Task requirements => Write out again, word for word, the lines below from the line that holds "Elegant Low-Poly Round Table 3D model" through the line that holds "Picture of New", omitting pictures.

- Opening Delimiter -

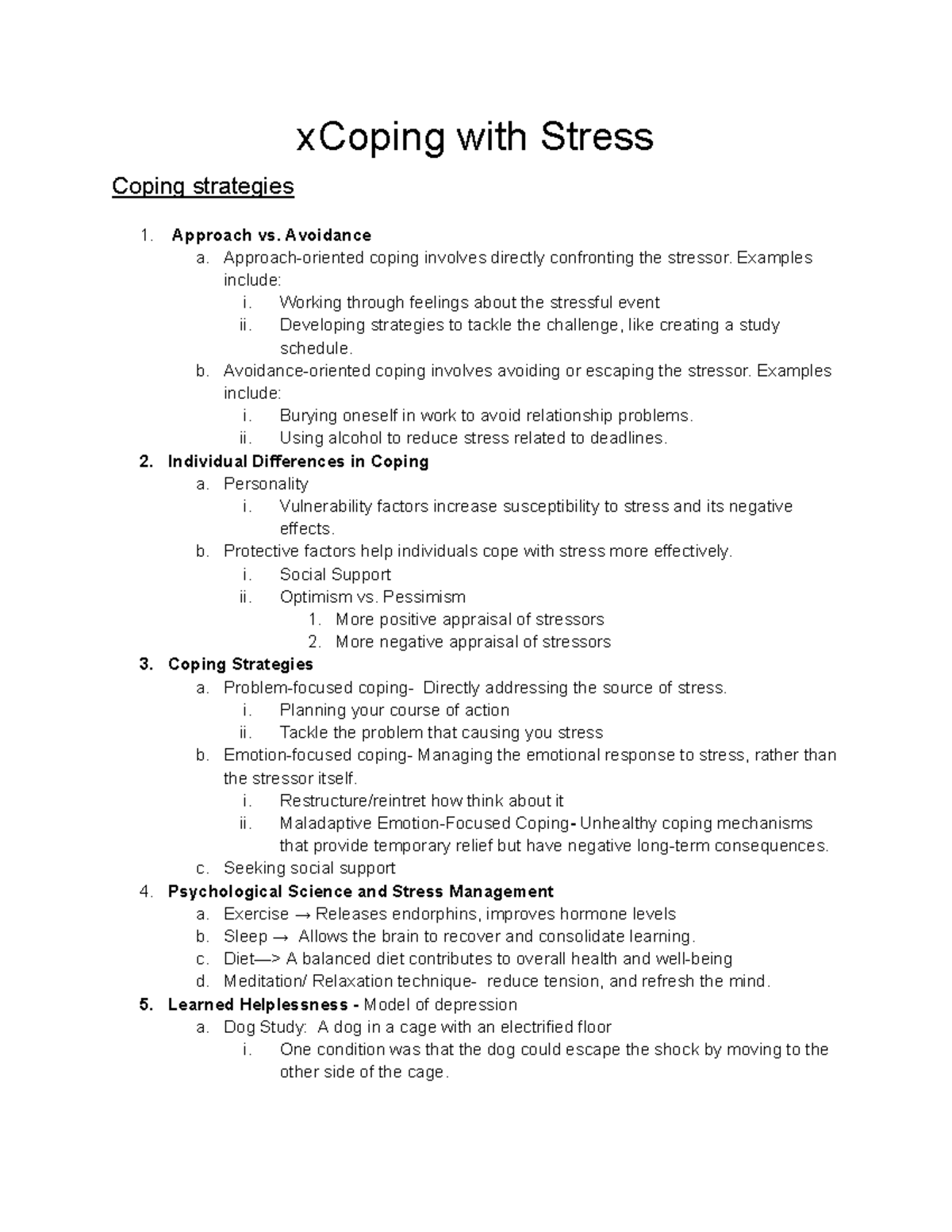 Week 4 - Coping with Stress: Strategies and Insights - Studocu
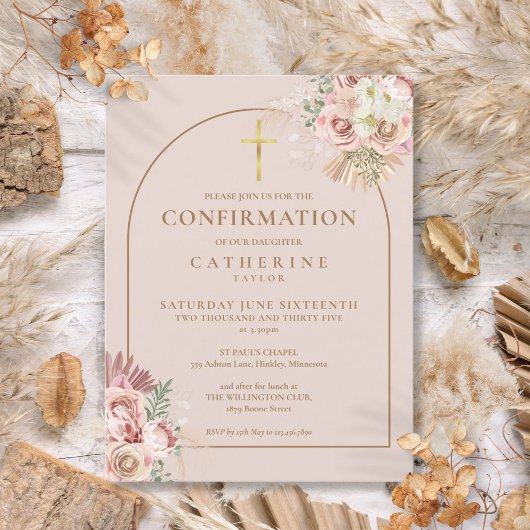 Invitation Carte Postale Confirmation Pampas rose Grass Floral Or Arch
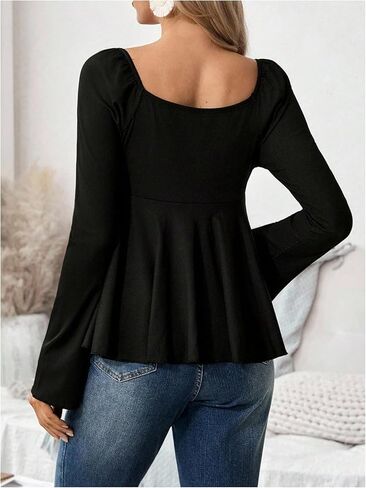 MakeMeChic Women's Maternity Tee Tops Sweetheart Ruched Drawstring Ruffle Long Sleeve T Shirt in Saudi Arabia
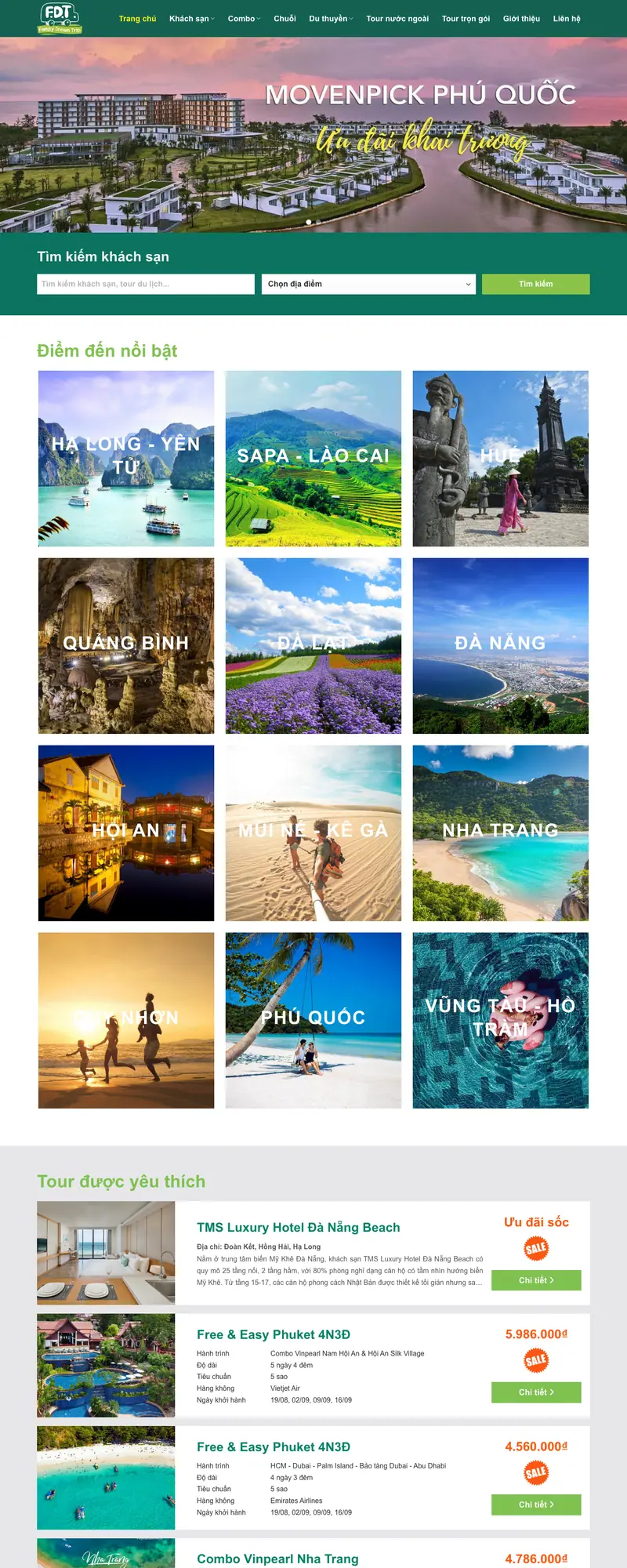 Mẫu web du lịch 16 – giao diện trang chủ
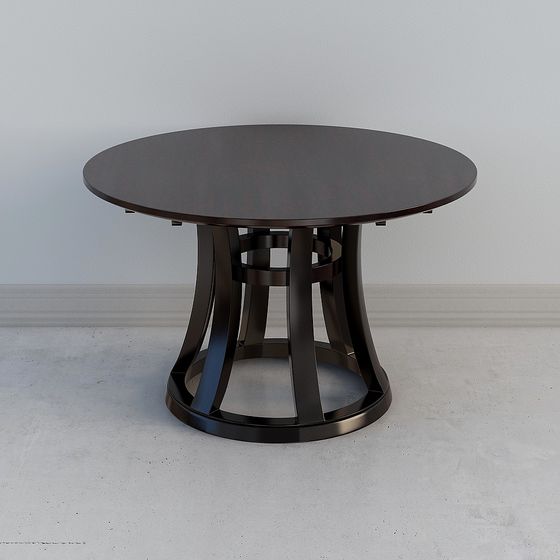 Elegant Low-Poly Round Table 3D model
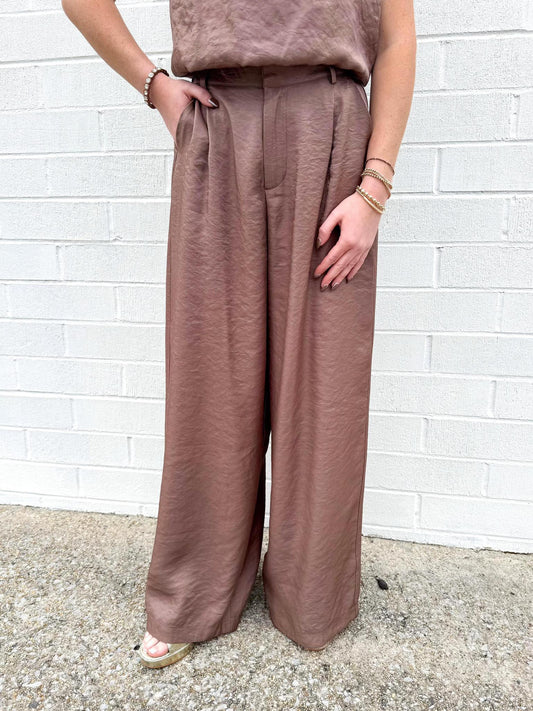 High Waist Wide Pant- Mocha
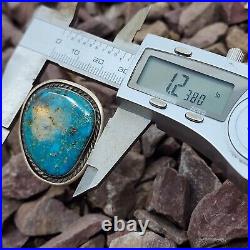 Navajo Big Natural Turquoise Native American Sterling Silver Ring Size 8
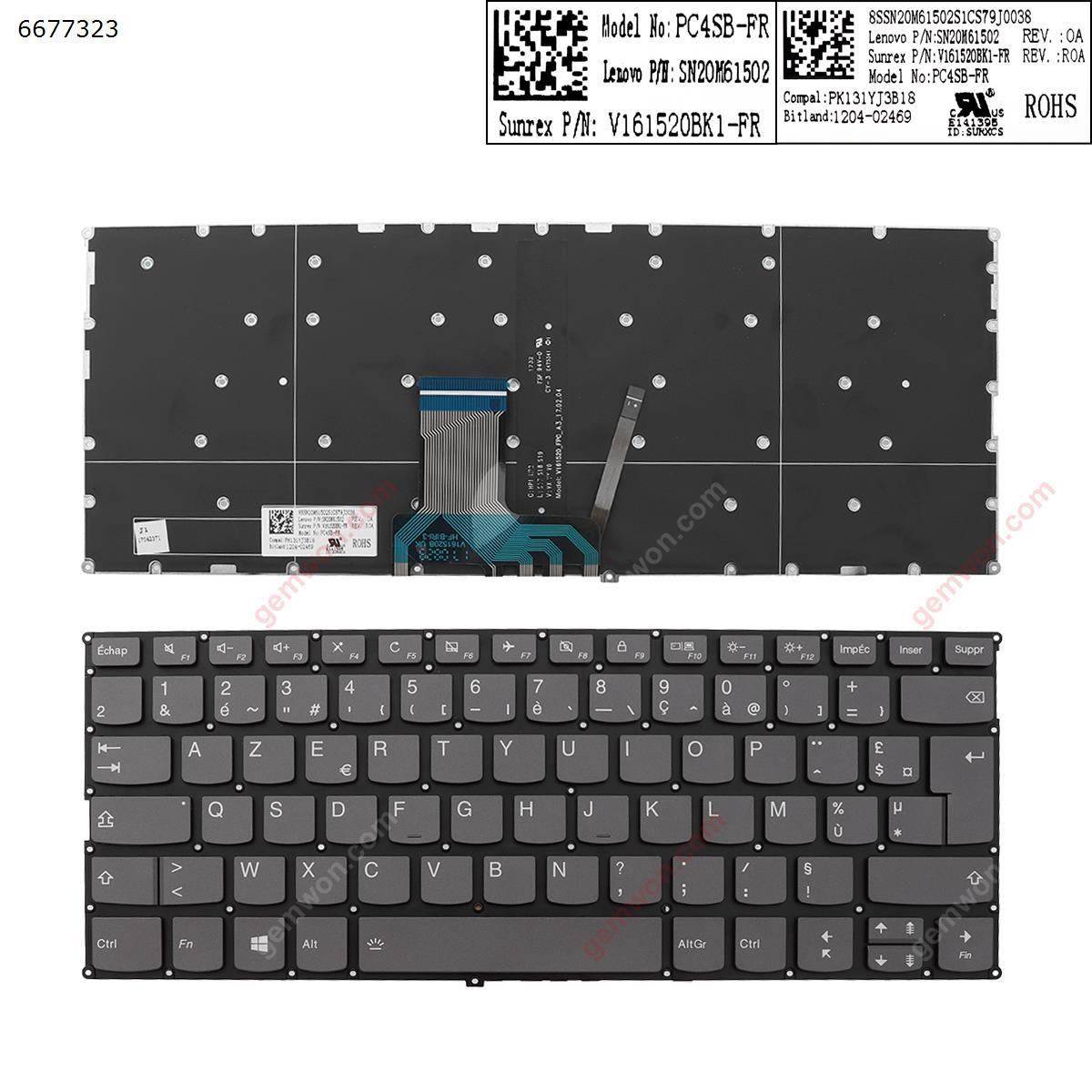 Picture of New Replacement Laptop Keyboard For Lenovo IdeaPad 320-13 320S-13IKB GRAY (Backlit,Without FRAME,WIN8) FR Layout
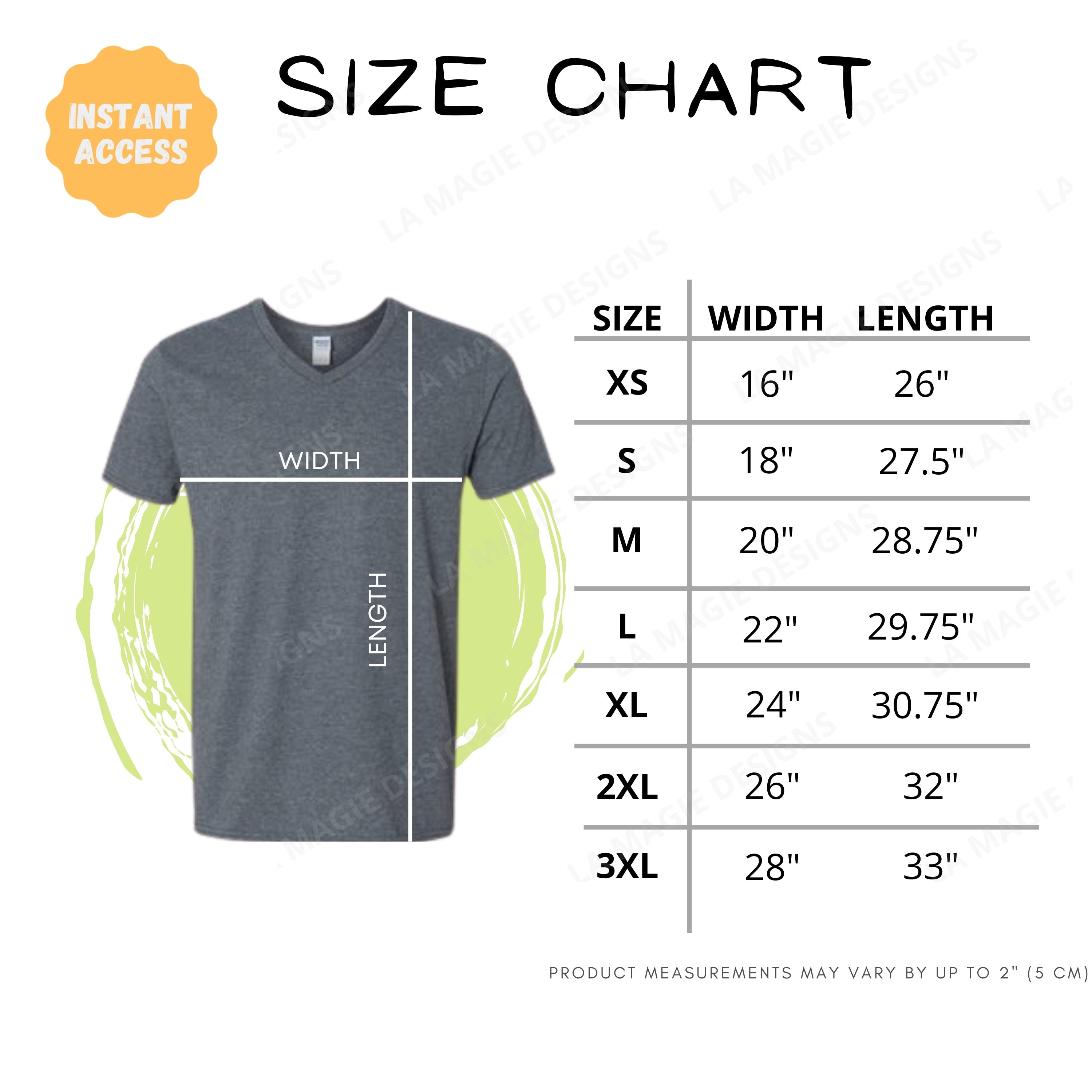 Gildan 64V00 Size ChartGildan Softstyle V-Neck T-Shirt | Etsy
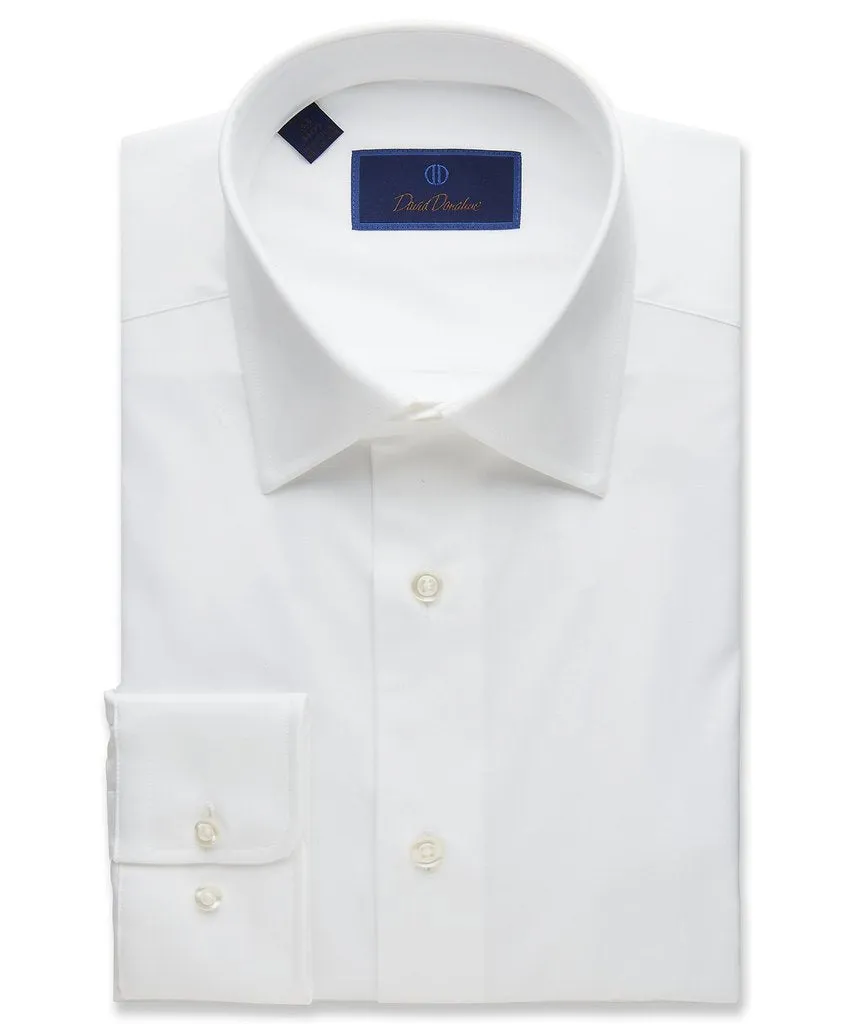 David Donahue Super Fine Twill Regular Fit Dress Shirt in White High Density Weave Distressed finish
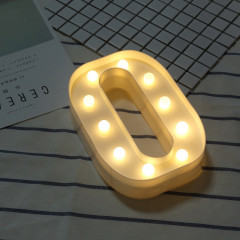 Lumière anglaise décorative de forme d'O de lettre de l'alphabet, lumière sèche chaude de vacances de LED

- Closing Delimiter -

Task output =>
 Elegant Low-Poly Round Table 3D model
 High Waist Wide Pant- Mocha
 Navajo Big Natural Turquoise Native American Sterling Silver Ring Size 8
 Picture of New Replacement Laptop Keyboard For Lenovo IdeaPad 320-13 320S-13IKB GRAY (Backlit,Without FRAME,WIN8) FR Layout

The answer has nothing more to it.